New ideas about God/Divinity

  • Public prayer equates with public lies – prayer is sacred and thus private.
  • Gnosticism: we’re all right. Absolutely each and every one of us. Especially those that disagree. There’s just one. There’s more than one. There’s none. There’s all.
  • Adam had a first wife named Lilith; just like many women who think for themselves, she took a look at this submissive crap, said “fuck that!” and found a beach to hang out on. Eve was the next wife, made without spine. Spineless women have been elevated while punished ever since. Women with proper vertebrae have been cast as demons – and still have a much better time.
  • Nope, the Bible’s not true – i.e. it’s not the word of God, it’s the word of a whole bunch of men, some wise, some not, most politically motivated. This is also true of the New Testament, which really should have stopped at the be attitudes.

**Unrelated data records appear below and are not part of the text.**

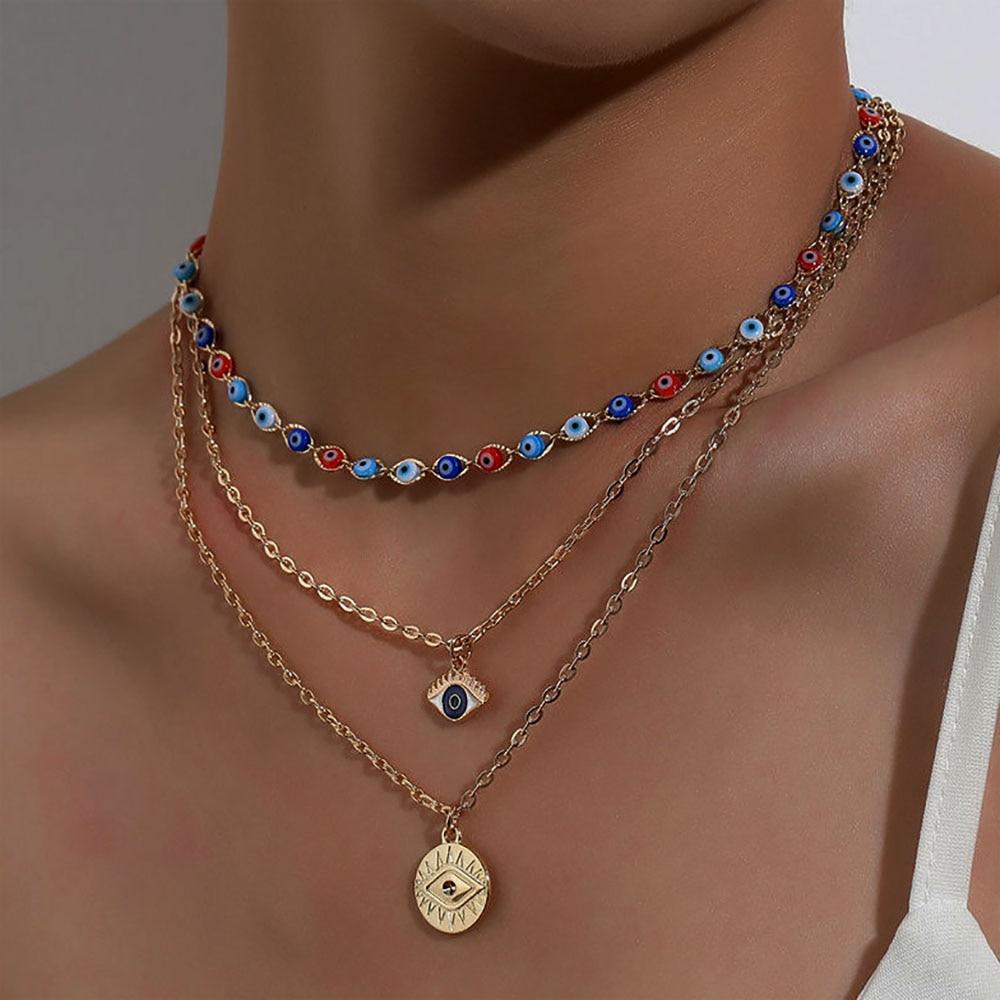 Multilayer Boho Evil Eye Necklace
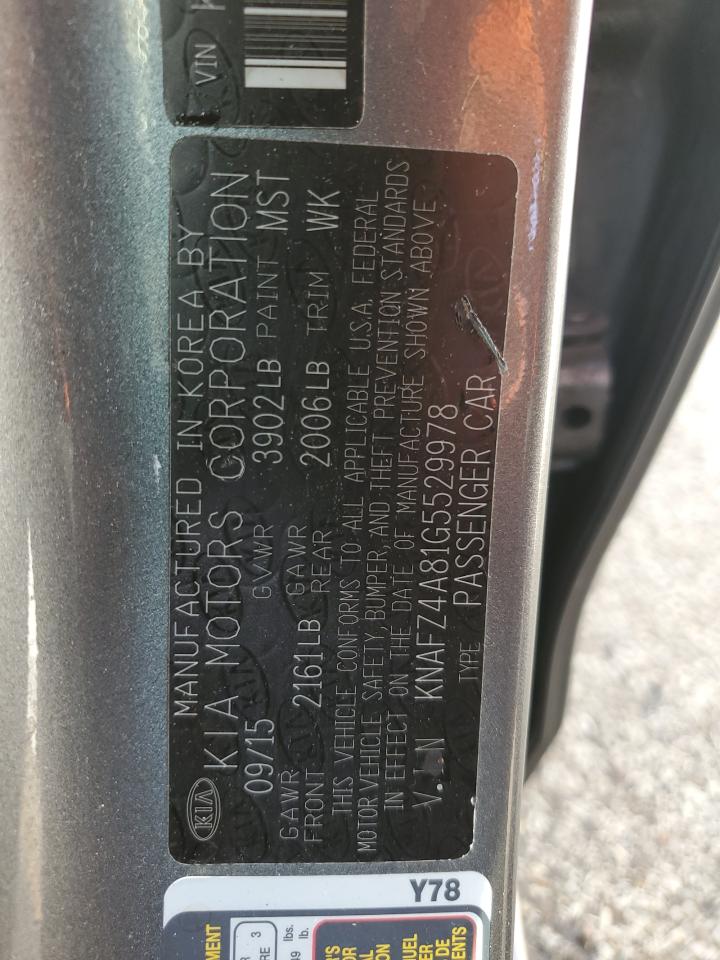 2016 Kia Forte Ex VIN: KNAFZ4A81G5529978 Lot: 68838524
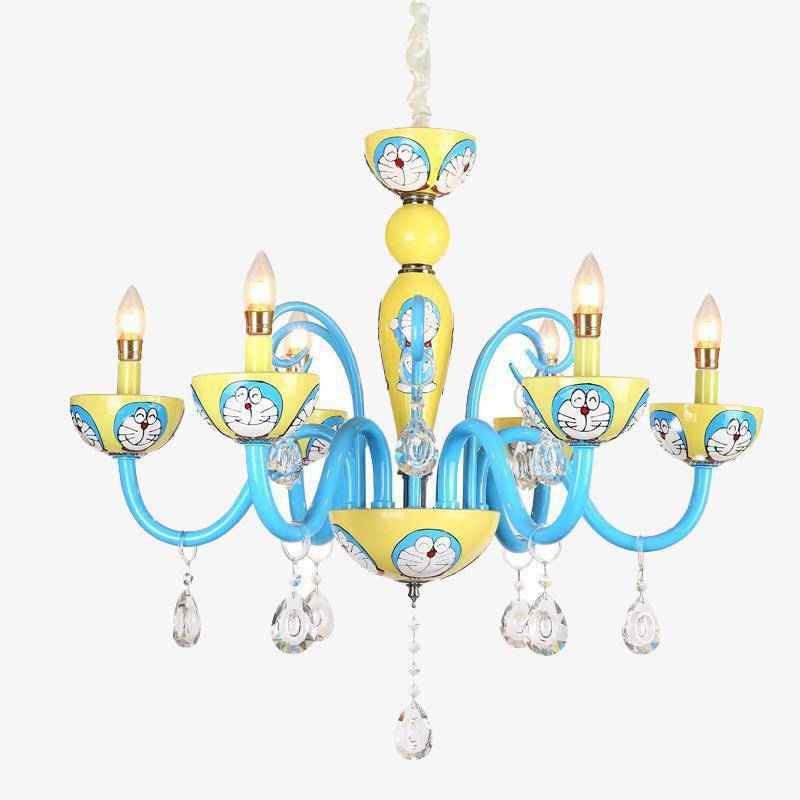 Lustre LED chat bleu et jaune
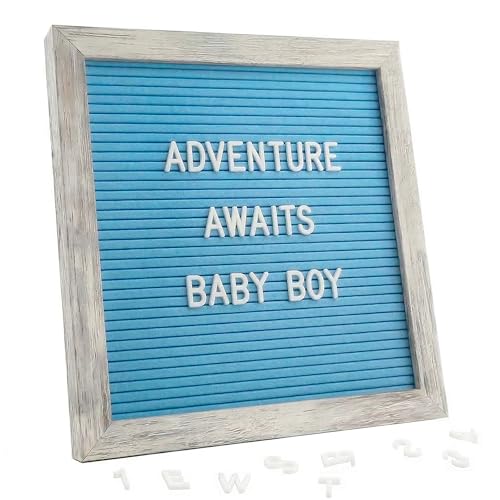 C CRYSTAL LEMON Blue Felt Letter Board 10x10in – Includes 336 Letters, Numbers & Symbols – Changeable Message Board with Rustic Wooden Frame for Home, Office & Events by C CRYSTAL LEMON - Used condition - US$10.79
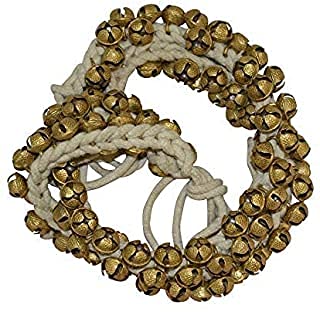 UAPAN Brass Big Ghungroo White cotton string Ankle Bells for Professional dancers (Pair, 100+100_2.5 CM)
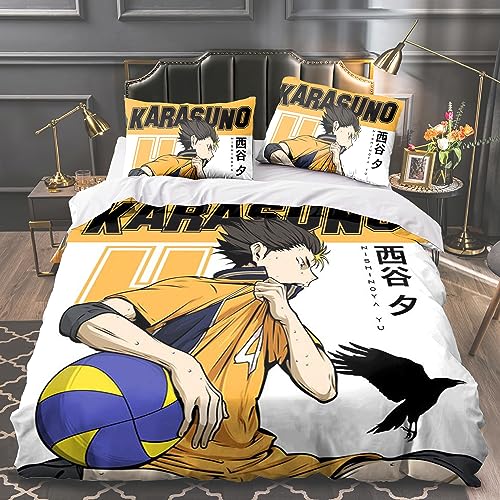 Zhongkaihua Haikyuu Hinata Shoyo Tobio Kageyama Print Dreiteiliges Set mit 2 Kissen – Bettwäsche Doppelbettbezug Set für Schlafsaal Schlafzimmer Zuhause Geschenke für Teen/Spieler/Kinder von Zhongkaihua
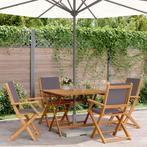 vidaXL 5-delige Tuinset massief hout en stof, Tuin en Terras, Tuinsets en Loungesets, Verzenden, Nieuw, Hardhout, Tuinset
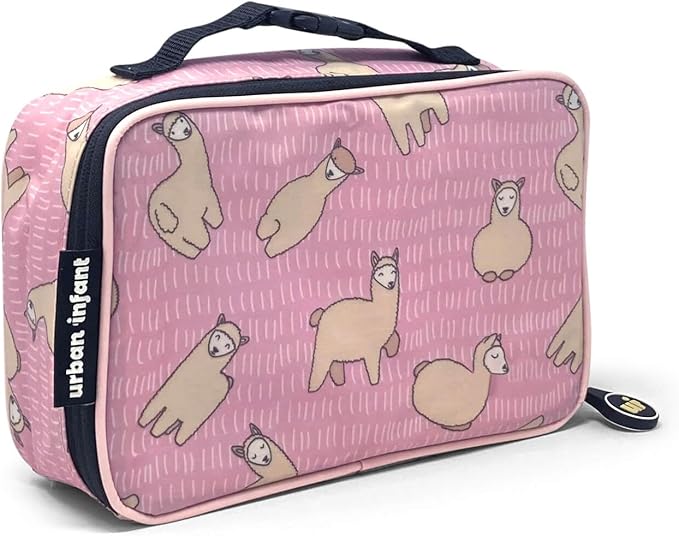 Urban Infant Yummie Kids Lunch Box Insulated Bag - Toddler Boys and Girls – Perfect for Daycare Preschool Travel Snacks – Allergy Alert Cards - Fits Bento Boxes - Llamas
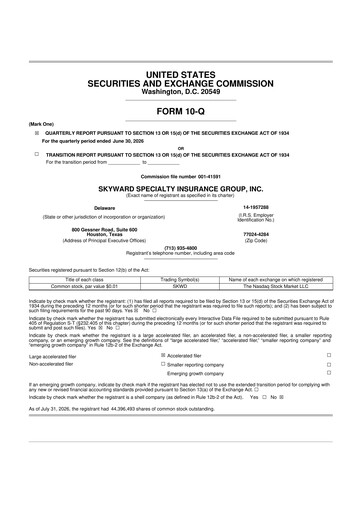 Vorschaubild Skyward Specialty Insurance Group 10-Q Quartalsbericht 2026 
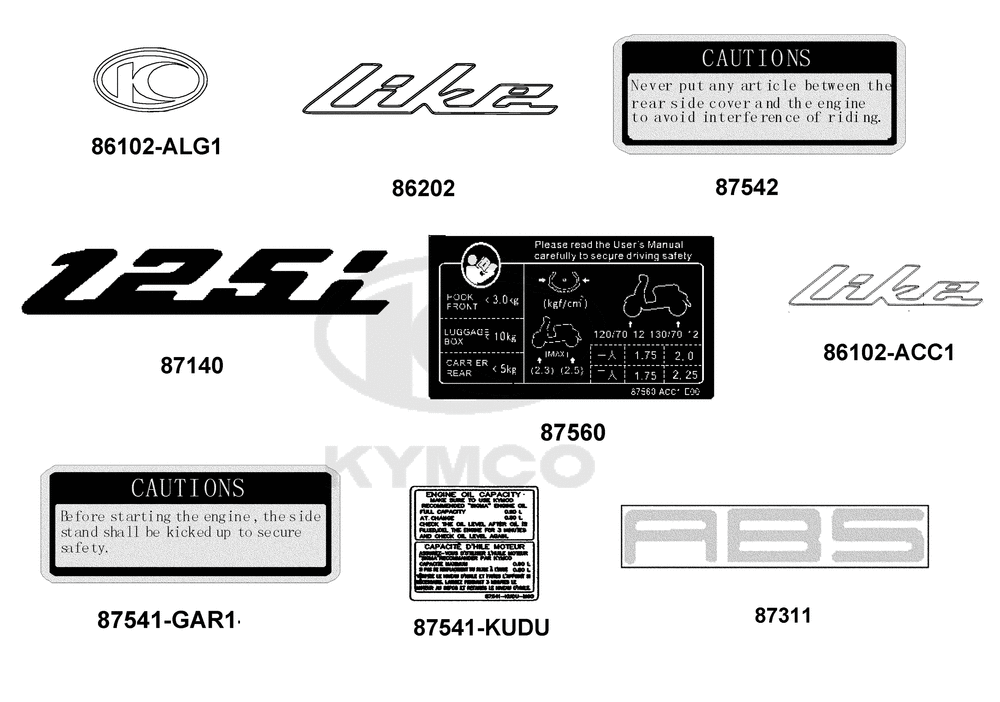 Emblem, Aufkleber & Hinweisschilder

  • We do not need an instruction book to know how to be good, do good, and love good.
  • The story of Christ is not the “Greatest Story Ever Told.” There are many, many other better stories.
  • We won’t really know until we’re dead.
  • Religious belief is a neurological function (this is a recent finding.) I am religious because I am inclined to be deeply religious; there are scores of people faking religious belief because of the same degree of social pressure that has been placed on the homosexual to appear straight.
  • From direct mystical experience: Jesus is a very sweet, passionate, kind of short Arabic man who is completely mortified by modern Christianity. When he said he was the “son of God,” he meant ALL men are the sons of God. I don’t pray to him as much these days, but he still answers with “Diana! I’m so happy to hear from you!” All this belief directed at him has made him a deity, though.
  • Whether man created deity or deity created man is a bit chicken and egg.
  • Poverty does not make me more spiritual.
  • Prosperity does not make me less spiritual.
  • My actions and how I spend my time/direct my energy is what makes me spiritual.
  • God(s) very much have a sense of humor, and more importantly, they have a sense of humor about themselves.
  • Happiness now is in fact sacred, and makes you more inclined to do good, be good, and love good.